RECHTBANK OOST-BRABANT

Strafrecht
Parketnummer ontneming: 01/865115-14 Datum uitspraak: 26 juli 2016
Vonnis van de rechtbank Oost-Brabant, meervoudige kamer voor de behandeling van strafzaken, in de zaak tegen:

[veroordeelde] ,

geboren te [geboorteplaats] op [1991] ,
wonende te [adres 1] .

Onderzoek van de zaak:

De vordering van de officier van justitie strekt tot het opleggen van de verplichting tot betaling aan de Staat van een bedrag van € 181.766,01 ter ontneming van wederrechtelijk verkregen voordeel. De vordering ziet op de in de onderliggende strafzaak ten laste gelegde feiten en andere strafbare feiten waaromtrent voldoende aanwijzingen zouden bestaan dat ze door betrokkene zijn begaan. Het geheel aan voornoemde feiten is weergegeven in een ontnemingsrapportage, waarbij de zaken zijn onderverdeeld in delict 1 tot en met 8. Bij het te ontnemen bedrag is uitgegaan van hoofdelijke aansprakelijkheid.
Dit vonnis is op tegenspraak gewezen naar aanleiding van het onderzoek ter terechtzitting van 21 juli 2015 en 12 juli 2016.

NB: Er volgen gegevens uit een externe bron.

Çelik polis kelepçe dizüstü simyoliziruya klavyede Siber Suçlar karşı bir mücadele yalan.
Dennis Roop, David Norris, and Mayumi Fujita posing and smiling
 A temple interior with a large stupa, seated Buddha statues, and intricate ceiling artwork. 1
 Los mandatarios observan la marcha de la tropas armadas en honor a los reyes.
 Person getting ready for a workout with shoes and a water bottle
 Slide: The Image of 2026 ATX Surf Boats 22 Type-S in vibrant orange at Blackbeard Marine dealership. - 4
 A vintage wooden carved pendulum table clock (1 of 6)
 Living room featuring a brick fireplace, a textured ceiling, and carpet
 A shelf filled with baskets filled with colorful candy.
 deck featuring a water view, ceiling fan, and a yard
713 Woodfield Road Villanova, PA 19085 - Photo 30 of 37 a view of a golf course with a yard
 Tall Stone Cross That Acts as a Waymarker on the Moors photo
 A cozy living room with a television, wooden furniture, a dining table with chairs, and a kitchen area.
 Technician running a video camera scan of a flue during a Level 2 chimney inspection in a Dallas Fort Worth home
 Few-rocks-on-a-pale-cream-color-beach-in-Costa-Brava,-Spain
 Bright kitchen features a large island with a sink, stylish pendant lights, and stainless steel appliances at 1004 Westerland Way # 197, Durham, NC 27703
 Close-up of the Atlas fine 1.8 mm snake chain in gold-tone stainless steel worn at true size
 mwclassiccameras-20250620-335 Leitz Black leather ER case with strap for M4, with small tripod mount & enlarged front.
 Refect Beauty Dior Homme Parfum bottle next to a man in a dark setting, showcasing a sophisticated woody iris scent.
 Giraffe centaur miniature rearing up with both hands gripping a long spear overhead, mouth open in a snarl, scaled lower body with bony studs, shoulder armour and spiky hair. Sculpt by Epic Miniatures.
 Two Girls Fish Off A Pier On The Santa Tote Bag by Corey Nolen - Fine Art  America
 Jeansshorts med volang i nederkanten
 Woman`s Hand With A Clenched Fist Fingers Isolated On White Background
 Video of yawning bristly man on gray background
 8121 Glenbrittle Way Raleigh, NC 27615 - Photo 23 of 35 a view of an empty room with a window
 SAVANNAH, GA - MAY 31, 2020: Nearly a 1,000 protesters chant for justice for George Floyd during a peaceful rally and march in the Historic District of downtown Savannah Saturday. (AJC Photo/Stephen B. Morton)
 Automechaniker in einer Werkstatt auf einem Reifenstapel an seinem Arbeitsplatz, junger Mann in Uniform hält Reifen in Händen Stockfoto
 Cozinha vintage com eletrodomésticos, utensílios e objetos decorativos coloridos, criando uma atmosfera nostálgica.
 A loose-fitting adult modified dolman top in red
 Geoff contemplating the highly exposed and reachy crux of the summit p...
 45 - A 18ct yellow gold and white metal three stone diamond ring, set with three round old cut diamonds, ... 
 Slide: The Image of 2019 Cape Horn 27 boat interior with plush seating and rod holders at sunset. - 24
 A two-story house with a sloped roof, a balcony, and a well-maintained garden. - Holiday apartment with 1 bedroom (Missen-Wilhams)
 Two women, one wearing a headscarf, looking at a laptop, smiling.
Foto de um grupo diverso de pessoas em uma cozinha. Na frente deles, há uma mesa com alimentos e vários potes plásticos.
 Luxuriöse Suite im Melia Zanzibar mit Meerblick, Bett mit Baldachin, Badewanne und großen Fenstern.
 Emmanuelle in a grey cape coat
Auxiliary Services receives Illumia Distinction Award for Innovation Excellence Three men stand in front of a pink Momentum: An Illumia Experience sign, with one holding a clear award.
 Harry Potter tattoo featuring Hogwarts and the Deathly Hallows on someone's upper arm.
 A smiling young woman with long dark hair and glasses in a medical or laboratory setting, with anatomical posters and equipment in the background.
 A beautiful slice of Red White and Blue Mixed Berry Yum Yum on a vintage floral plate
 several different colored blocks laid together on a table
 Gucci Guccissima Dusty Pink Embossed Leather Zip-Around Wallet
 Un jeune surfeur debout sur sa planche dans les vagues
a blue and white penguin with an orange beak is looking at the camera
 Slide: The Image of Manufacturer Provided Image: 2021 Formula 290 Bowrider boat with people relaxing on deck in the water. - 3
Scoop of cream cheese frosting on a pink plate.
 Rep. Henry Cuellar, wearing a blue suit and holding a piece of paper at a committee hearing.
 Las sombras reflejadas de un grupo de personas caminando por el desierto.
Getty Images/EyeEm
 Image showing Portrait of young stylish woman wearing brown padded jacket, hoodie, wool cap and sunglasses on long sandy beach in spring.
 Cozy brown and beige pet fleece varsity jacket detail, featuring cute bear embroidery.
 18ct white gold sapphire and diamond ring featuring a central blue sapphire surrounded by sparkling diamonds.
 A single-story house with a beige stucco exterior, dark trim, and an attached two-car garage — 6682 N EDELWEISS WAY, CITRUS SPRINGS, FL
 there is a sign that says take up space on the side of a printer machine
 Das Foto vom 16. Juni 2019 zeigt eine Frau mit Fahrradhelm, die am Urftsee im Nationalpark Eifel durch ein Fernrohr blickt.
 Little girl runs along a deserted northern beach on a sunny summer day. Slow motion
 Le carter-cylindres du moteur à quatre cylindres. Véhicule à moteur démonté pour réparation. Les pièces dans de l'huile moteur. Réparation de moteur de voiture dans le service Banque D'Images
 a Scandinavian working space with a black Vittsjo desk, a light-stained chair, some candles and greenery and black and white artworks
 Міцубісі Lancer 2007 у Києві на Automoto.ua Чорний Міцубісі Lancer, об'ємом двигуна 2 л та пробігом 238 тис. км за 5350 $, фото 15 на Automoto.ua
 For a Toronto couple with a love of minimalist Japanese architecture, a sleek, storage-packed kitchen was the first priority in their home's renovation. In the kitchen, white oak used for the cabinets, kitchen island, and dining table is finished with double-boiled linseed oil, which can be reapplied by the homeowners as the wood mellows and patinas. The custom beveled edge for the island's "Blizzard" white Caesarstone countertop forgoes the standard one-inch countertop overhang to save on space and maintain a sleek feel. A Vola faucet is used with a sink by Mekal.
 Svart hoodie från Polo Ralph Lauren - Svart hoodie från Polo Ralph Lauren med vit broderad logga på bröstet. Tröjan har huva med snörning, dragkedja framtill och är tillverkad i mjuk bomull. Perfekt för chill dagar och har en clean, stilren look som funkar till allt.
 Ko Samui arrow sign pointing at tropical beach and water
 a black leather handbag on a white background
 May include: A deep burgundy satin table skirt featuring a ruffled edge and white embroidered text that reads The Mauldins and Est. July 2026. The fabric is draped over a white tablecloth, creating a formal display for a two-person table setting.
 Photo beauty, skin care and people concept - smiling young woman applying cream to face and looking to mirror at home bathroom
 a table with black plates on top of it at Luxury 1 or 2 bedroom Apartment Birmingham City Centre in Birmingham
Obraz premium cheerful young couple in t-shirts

Het standpunt van de officier van justitie.

De officier van justitie acht aannemelijk dat verdachte uit voornoemde delicten voordeel heeft genoten tot een bedrag van € 181.766,01, vordert dat aan [veroordeelde] een betalingsverplichting van € 176.766,01 wordt opgelegd, dat op dit bedrag het door de rechtbank aan de benadeelde partij toegekende bedrag van € 45.250,- in mindering dient te worden gebracht en stelt zich op het standpunt dat bij de berekening dient te worden uitgegaan van hoofdelijke toerekening.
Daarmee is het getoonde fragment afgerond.